A second spotting mission was launched at 09:44 for Alpha sector but again no shoot took place. The two Wildcats belonging to 882 Sqn were launched at 09:45 to return to SEARCHER. Four aircraft launched at 12:13 for a second F/B mission to attack concentrations of motor transport in land. They bombed and strafed two large columns of vehicles (50 plus) near Uzes damaging many and leaving other burning, A locomotive and 15 rail trucks were strafed scoring many hits.
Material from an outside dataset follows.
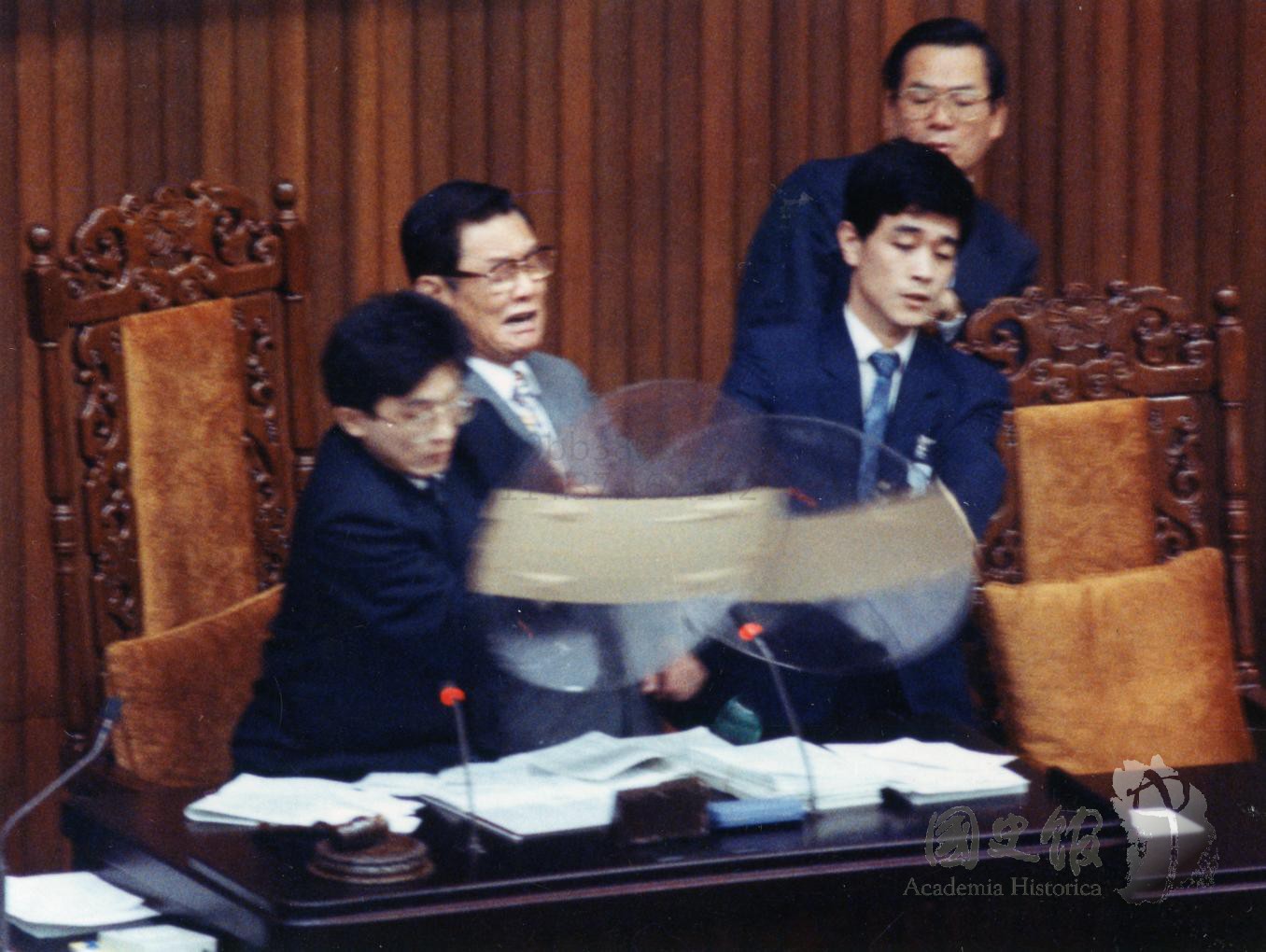 1995年立院審查228補償條例時，劉松藩在台上當場遭綠委扔書抗議。翻攝國史館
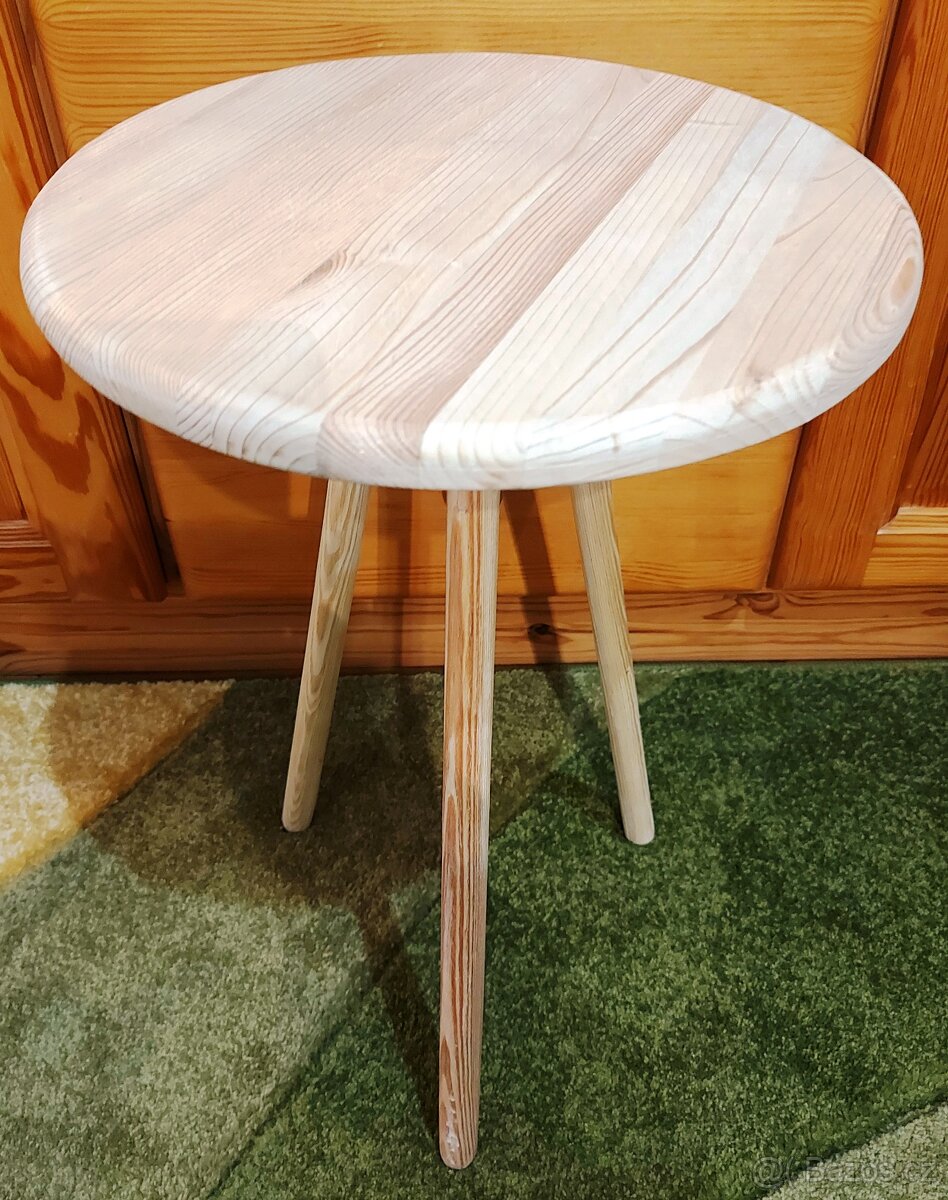 Květinový stolek na trojnožce....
Sub-Lt N. Perrett RNZNVR in JV646 had make a forced landing on ATTACKER at 12:35 after experiencing engine problems on nearing the coast, he re-joined PURSUER at 20:19. Of the three pilots that continued on with the mission Petty Officer Airman R. Brittain flying in JV668 ('Y') failed to return, he was killed in unknown circumstances. The reaming two aircraft landed on at 14:20 and 15:03.

 

A third pair were launched at 12:44 for a successful shoot against a gun emplacement in Stika Sector. Two further spotting missions were launched at 18:20, one pair to spot for a bombardment against a group of 6 guns in pits at a fort near Toulon, and the other pair to spot for a shoot against inland targets by RAMILLIES. The last aircraft landed on at 20:30 and flying for the day ended.

 

During the day 881 flew 18 sorties: 8 F/B, 10 spotting. 1 Wildcat and its pilot was lost, possibly to flak damage. 8 aircraft landed on with various degrees of flak damage; JV640 (‘Q’), JV665 (‘U’), JV694 (‘M’) and JV704 (‘C’) were badly damaged. While operating as the duty Spare Deck in the early afternoon PURSUER received 3 Seafires from ATTACKER’s 879 Sqn. This caused some problems for the flight deck parties as the ship had no equipment for folding the wings of a Seafire; these machines could not be taken into the hangar and had to be move around the deck as necessary before ATTACKER could receive them. They departed at 16:24.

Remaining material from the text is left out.